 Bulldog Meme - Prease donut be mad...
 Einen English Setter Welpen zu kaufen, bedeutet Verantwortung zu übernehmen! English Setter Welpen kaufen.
────────────────────────────────────────
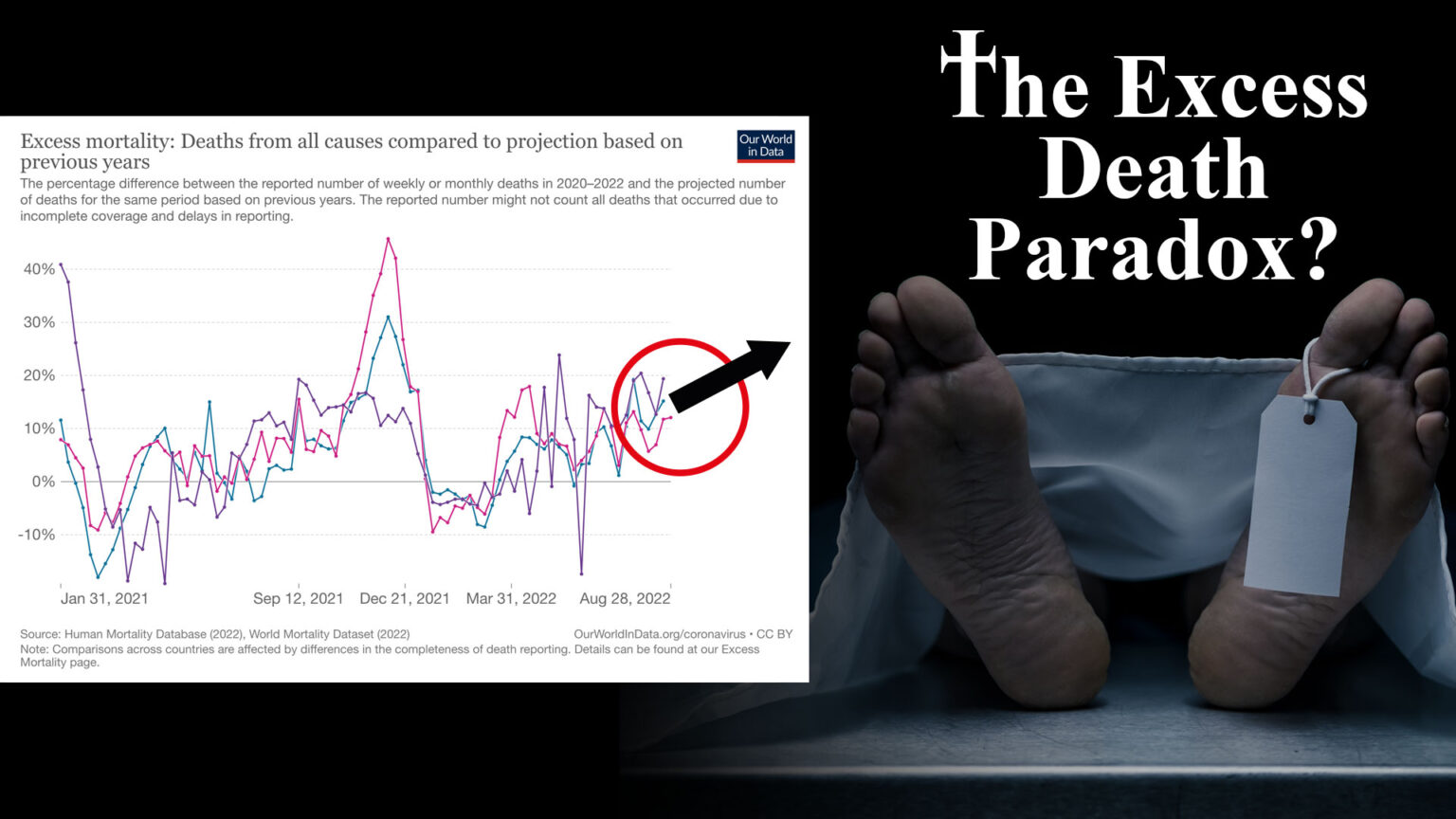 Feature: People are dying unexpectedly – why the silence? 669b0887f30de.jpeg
────────────────────────────────────────
#### [PROBLEM DESCRIPTION]
Could you restate word for word the lines above, from the one that contains "Bulldog Meme - Prease donut be mad..." through the one that contains "Einen English Setter", and no others?

#### [RESPONSE BELOW]
 Bulldog Meme - Prease donut be mad...
 Einen English Setter Welpen zu kaufen, bedeutet Verantwortung zu übernehmen! English Setter Welpen kaufen.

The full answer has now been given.